* Given data:
╔══
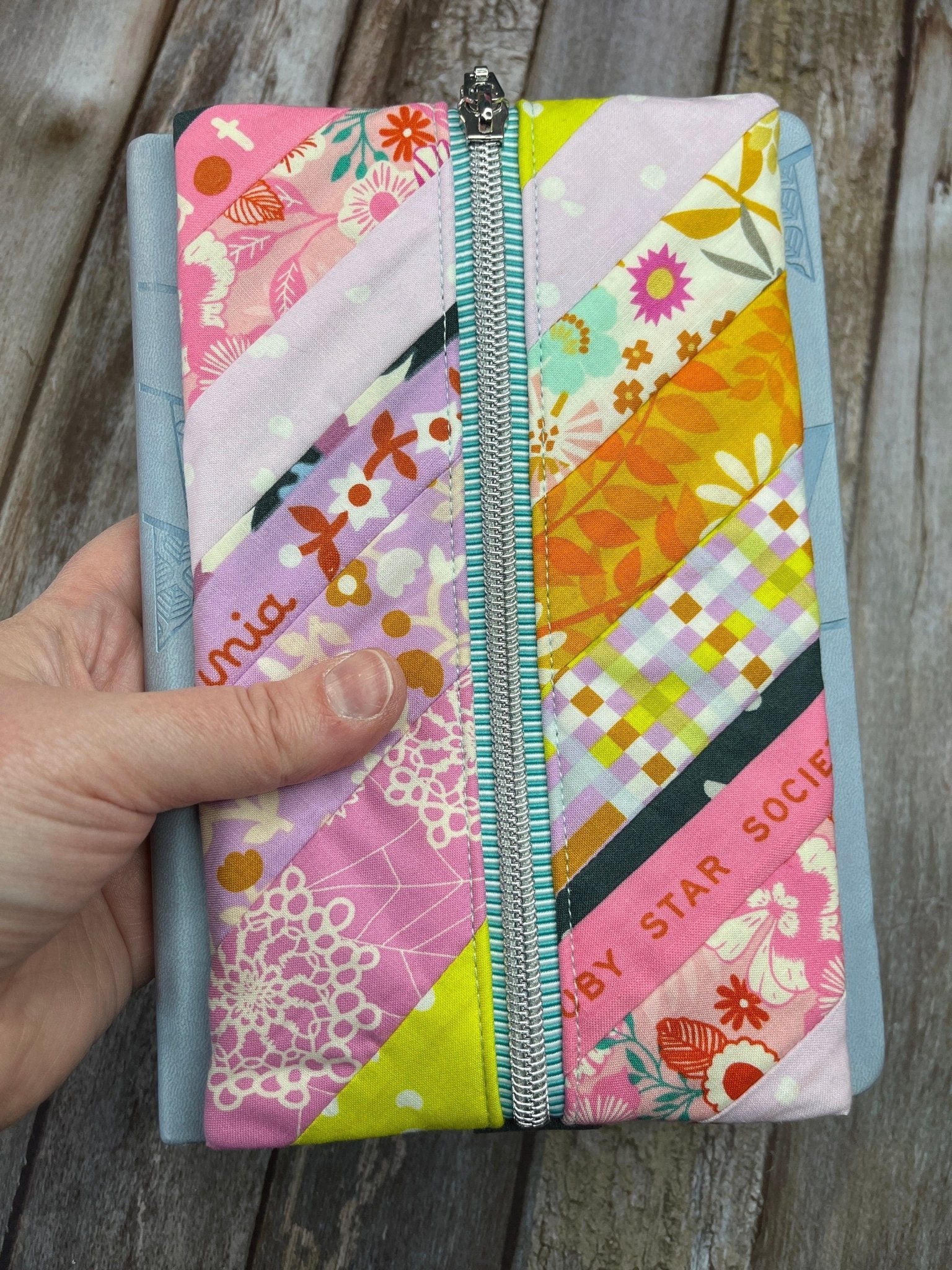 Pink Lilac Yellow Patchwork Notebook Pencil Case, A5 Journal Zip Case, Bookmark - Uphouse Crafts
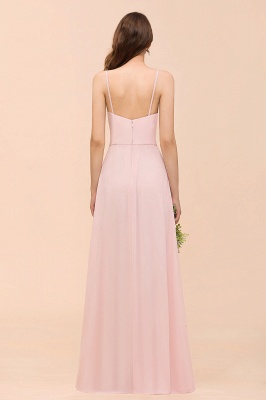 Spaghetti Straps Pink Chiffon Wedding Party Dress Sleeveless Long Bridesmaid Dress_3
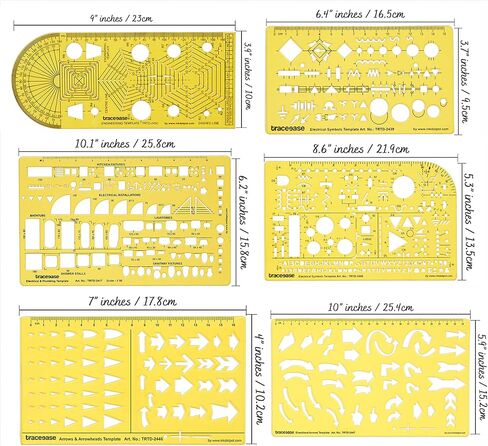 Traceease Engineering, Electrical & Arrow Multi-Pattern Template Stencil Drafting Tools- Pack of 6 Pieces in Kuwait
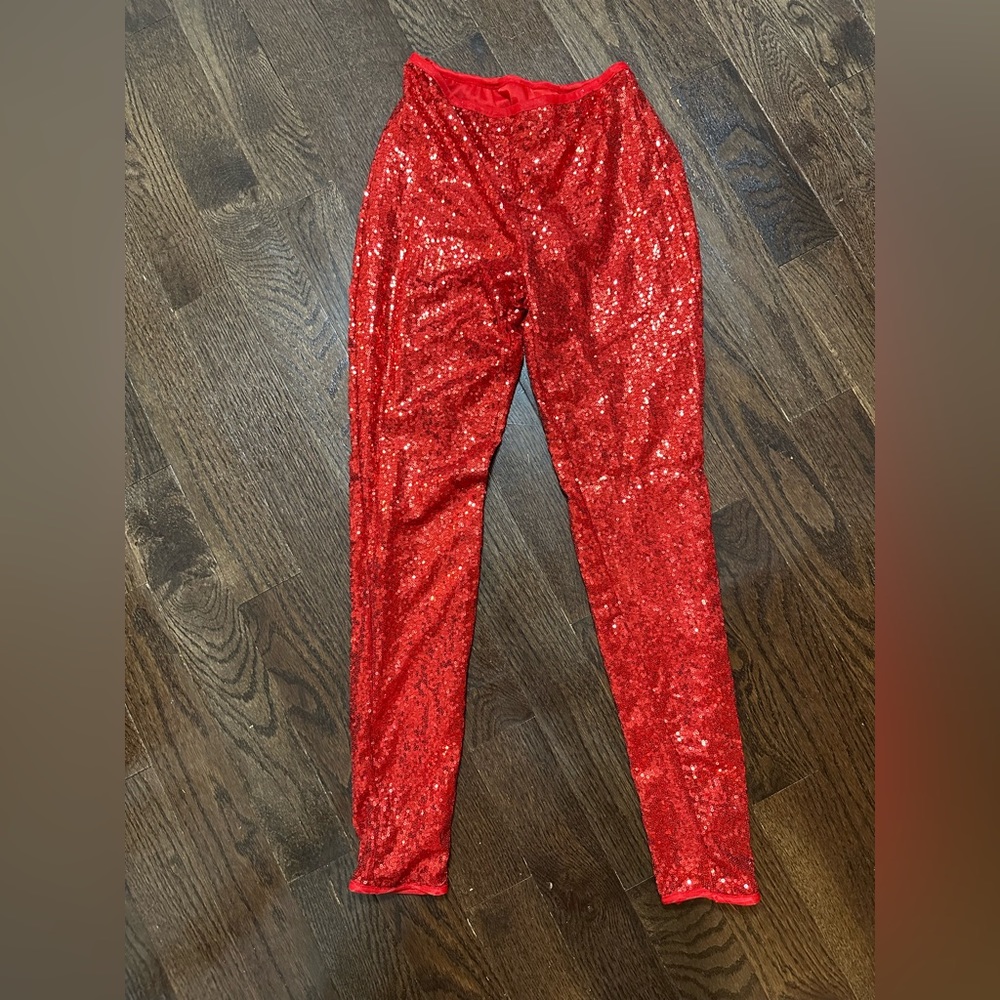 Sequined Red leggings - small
╚══
╔══
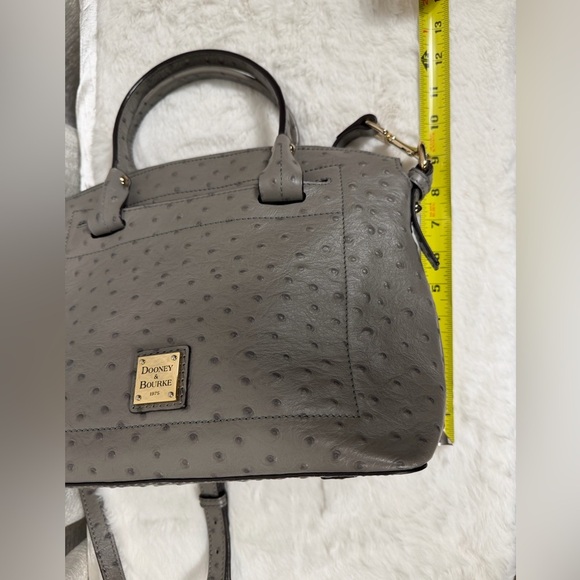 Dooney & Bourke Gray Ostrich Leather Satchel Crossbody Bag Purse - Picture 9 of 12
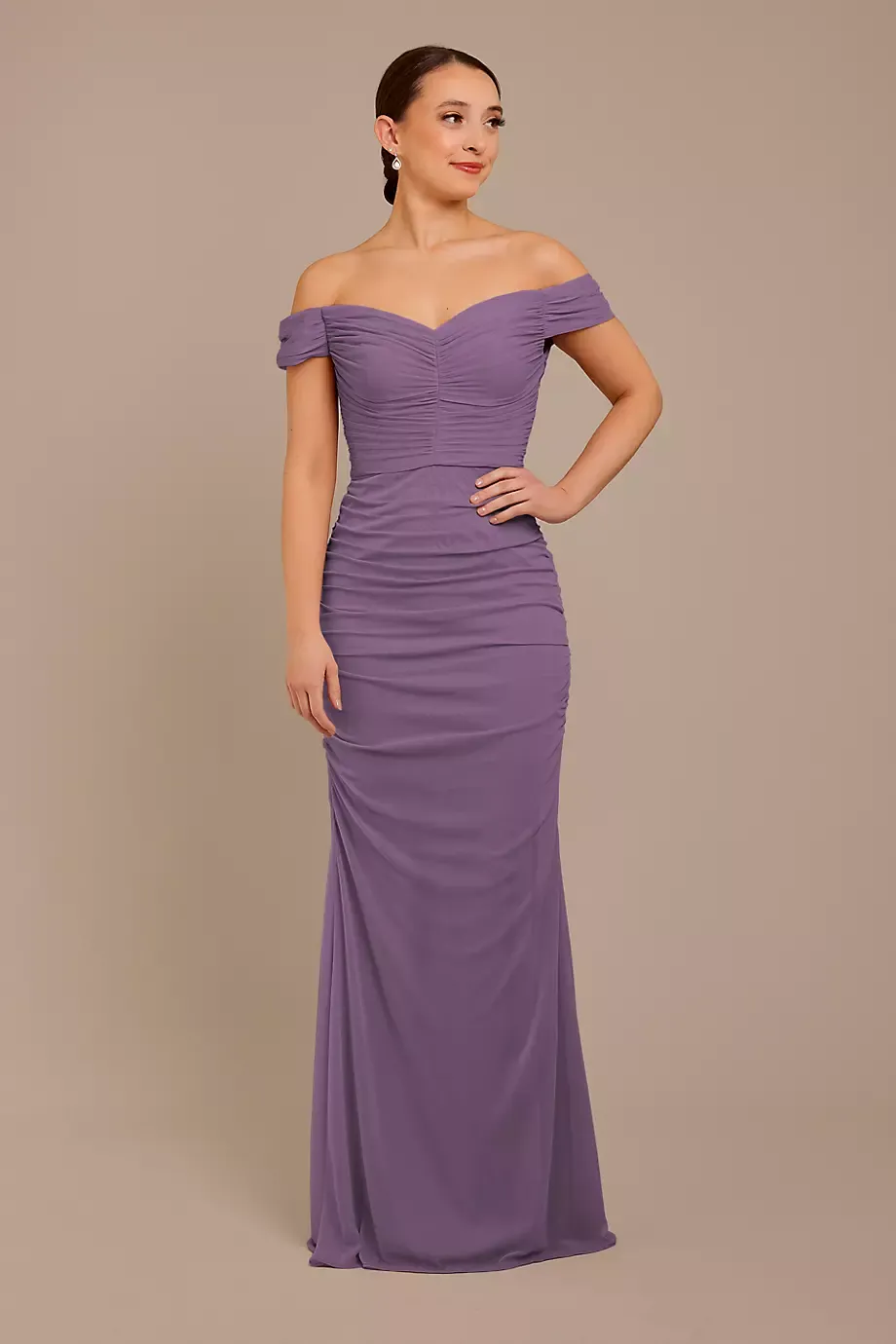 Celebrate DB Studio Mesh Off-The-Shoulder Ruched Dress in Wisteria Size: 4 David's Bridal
╚══
* Your instructions:
The lines to reproduce run from the one above containing "Spaghetti Straps Pink" through the one containing "Sequined Red leggings - small". Copy them exactly and leave out all pictures.

* Solution for this exercise:
 Spaghetti Straps Pink Chiffon Wedding Party Dress Sleeveless Long Bridesmaid Dress_3
 Traceease Engineering, Electrical & Arrow Multi-Pattern Template Stencil Drafting Tools- Pack of 6 Pieces in Kuwait
 Sequined Red leggings - small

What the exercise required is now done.